La semaine dernière, les insurgés avaient menacé, en cas d'échec de ces négociations, d'élargir leur offensive à l'intégralité des régions de Donetsk et de Lougansk, dont une grande partie est toujours contrôlée par les autorités de Kiev.

D'après le porte-parole militaire ukrainien Andriï Lyssenko, la mobilisation annoncée par M. Zakhartchenko signifie que les rebelles «n'ont pas de ressources humaines et ne sont pas arrivés à atteindre leurs objectifs, à savoir la prise de la ville stratégique» de Debaltseve, située sur la route reliant les capitales des républiques séparatistes de Donetsk et de Lougansk et théâtre d'intenses combats ces dernières semaines.

Mercenaires russes?

Pour Serguiï Zgourets, expert militaire indépendant à Kiev, celle-ci pourrait laisser présager d'importants renforts à venir en provenance de Russie. «Les républiques séparatistes n'ont pas les moyens de mobiliser tant d'hommes sans recourir à des mercenaires russes», souligne-t-il.

Un autre analyste ukrainien, Olexandre Souchko, estime que la Russie «n'a aucun intérêt à négocier un cessez-le-feu avant d'infliger une importante défaite militaire à l'Ukraine pour pouvoir dicter ses conditions».

A Donetsk, fief des rebelles prorusses, l'annonce d'une mobilisation générale a toutefois pris de court les habitants.

«Je n'y crois pas trop. Soit c'est faux, soit c'est dit à l'intention des médias ukrainiens», a réagi Alexandre, 28 ans, qui soutient pourtant les autorités séparatistes. M. Zakhartchenko est en train de «saper sa popularité auprès de ceux qui l'ont soutenu», ajoute-t-il.
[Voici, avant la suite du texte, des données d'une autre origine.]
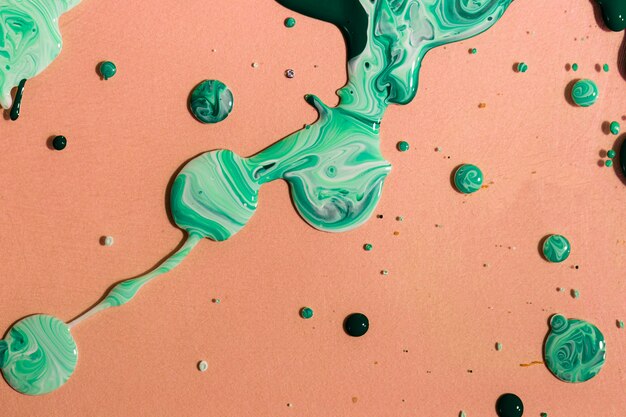 Flat lay abstract background with green paint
Vitali, un web-designer de 24 ans, juge quant à lui que de telles initiatives «mènent à une impasse». «Chaque jour, je me sens un peu plus otage (des chefs rebelles)», lance-t-il.

Sur le terrain, les soldats ukrainiens et la population civile ont subi de lourdes pertes ces dernières semaines. Douze personnes, dont sept civils, ont ainsi encore été tuées en 24 heures, après un week-end sanglant au cours duquel ont péri une cinquantaine de militaires ukrainiens et de civils.